EXERCISE DETAILS: Set the listing down again exactly, please, apart from its pictures.
(AVAILABLE DATA Opens)
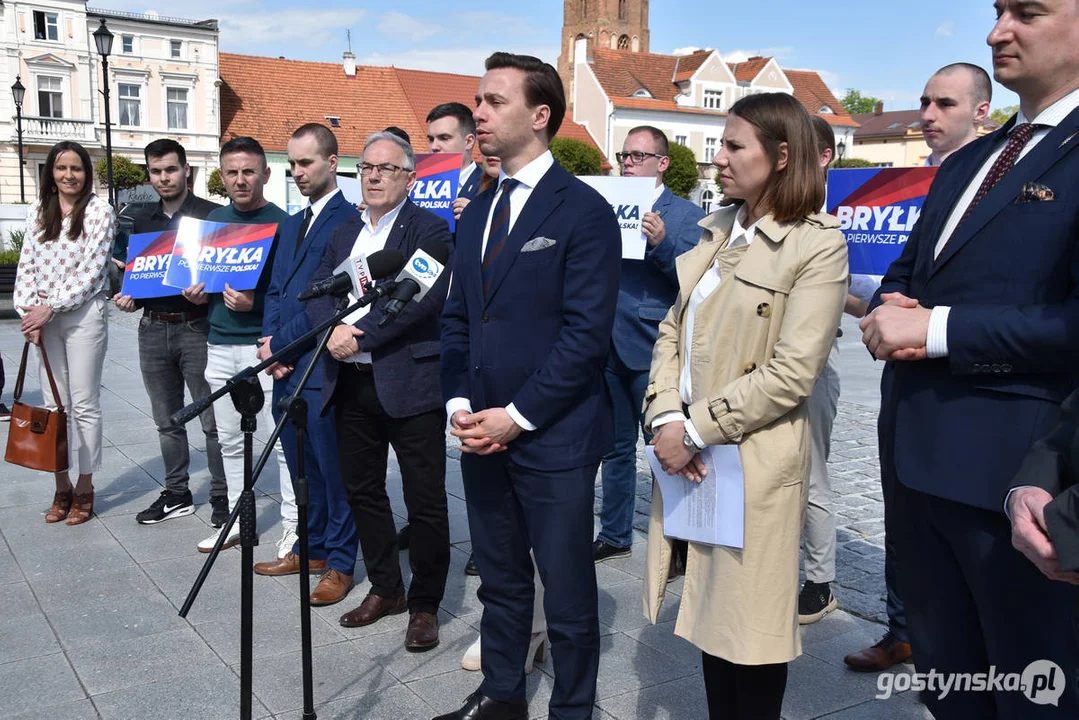 Lider Konfederacji Krzysztof Bosak w Gostyniu spotkał się z mieszkańcami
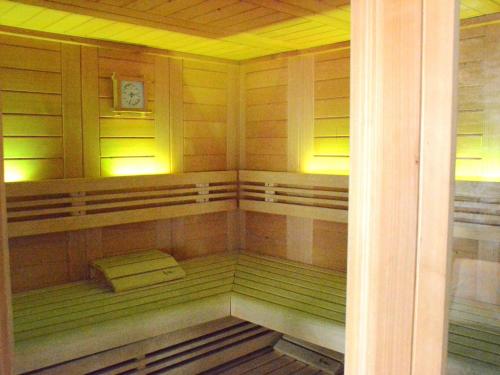 比埃夫勒Villa with hot tub and sauna的一个带长凳和时钟的桑拿浴室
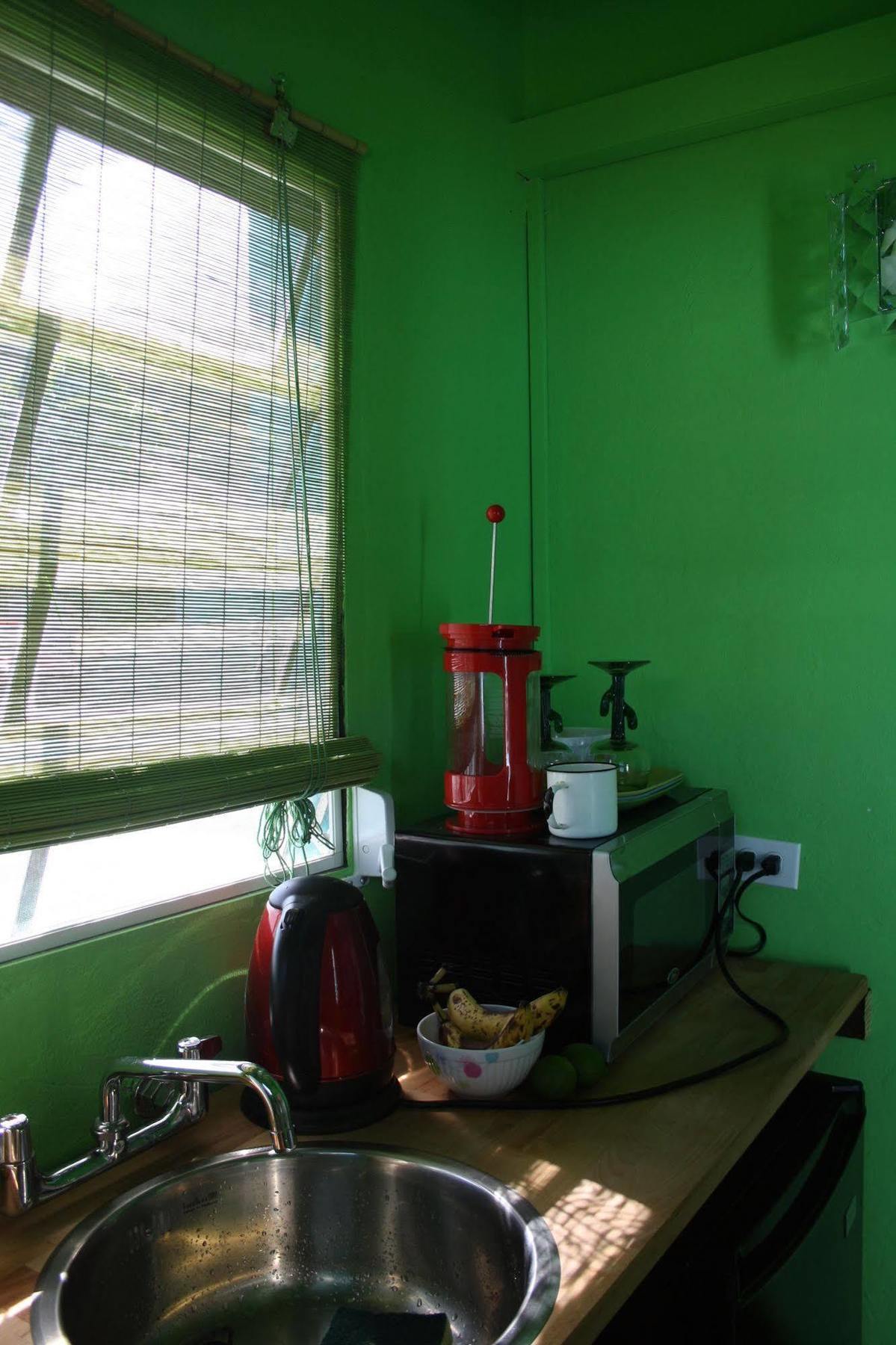Vicky'S Keys Hostel Upper Princeʼs Quarter 外观 照片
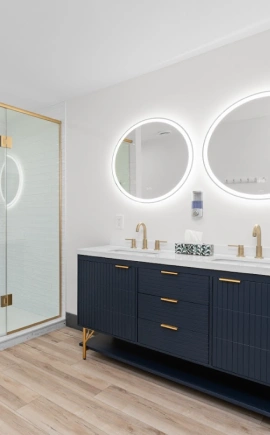 Luxury bathroom suite inside Limestone Bay waterfront accommodations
(AVAILABLE DATA Closes)
SOLUTION:
 Lider Konfederacji Krzysztof Bosak w Gostyniu spotkał się z mieszkańcami
 比埃夫勒Villa with hot tub and sauna的一个带长凳和时钟的桑拿浴室
Vicky'S Keys Hostel Upper Princeʼs Quarter 外观 照片
 Luxury bathroom suite inside Limestone Bay waterfront accommodations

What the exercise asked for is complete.